Diamond Viper HD3850 Crossfire Review

@ 2007/11/23
At a price of $179 each, ATI/Diamond have positioned the HD 3850 series to compete on both price and performance in the $150 to $250 price range. With the migration to the 55 nanometer process, the consumption of power has been reduced. Using Powerplay technology, the drivers underclock the video card to reduce the power draw when not in a demanding 3D environment. The HD 3800 series of cards uses a built-in hardware decoder (Unified Video Decoder) that relieves the CPU of the burden of managing HD-DVD and Blu Ray content. Couple this with built-in HDMI 5.1 sound, and you have a potent combination for that HTPC build. Setting up Crossfire is a matter of just installing the interconnect cables, powering up the system and checking the "Enable Crossfire" check box in the Catalyst Control Center.

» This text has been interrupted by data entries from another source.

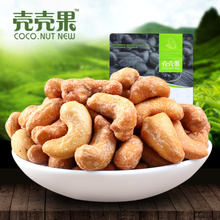 [Shell] cashew nut shell snack fruit _ Vietnamese cashew nuts salted cashews 210g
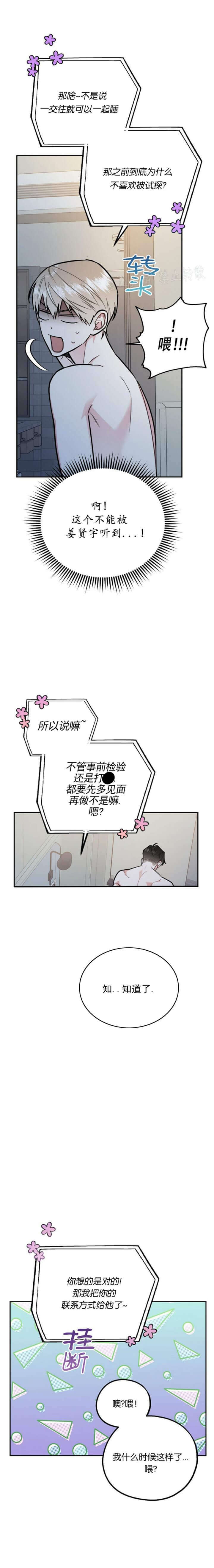 《冤家路窄》漫画最新章节第49话免费下拉式在线观看章节第【3】张图片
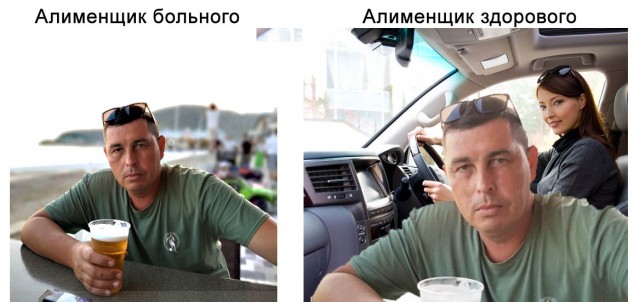Фотожаба: Алиментщик глазами бывшей жены...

No fuss no muss.

Comment from jmke @ 2007/11/23
back since HD 2900 XT
Comment from Gamer @ 2007/11/23
Diamond Viper ?
It's been long since I heard that name.
Are they back in business ?
Comment from jmke @ 2007/11/23
That's because 8800 GT is basically high end, there is currently no better "deal" than that card, until we get next gen high end
Comment from geoffrey @ 2007/11/23
Except with 8800GT, for under 500€ the GT's in SLI will outperform any higher priced product I think.
Comment from jmke @ 2007/11/23
using SLI/CF on anything but highest end VGA cards is never a good deal performance wise, you are always better of just buying the higher end card.
Comment from Kougar @ 2007/11/23
Wow... so much for using Crossfire with those cheap 256mb parts, single 8800GT 512mb would easily be better.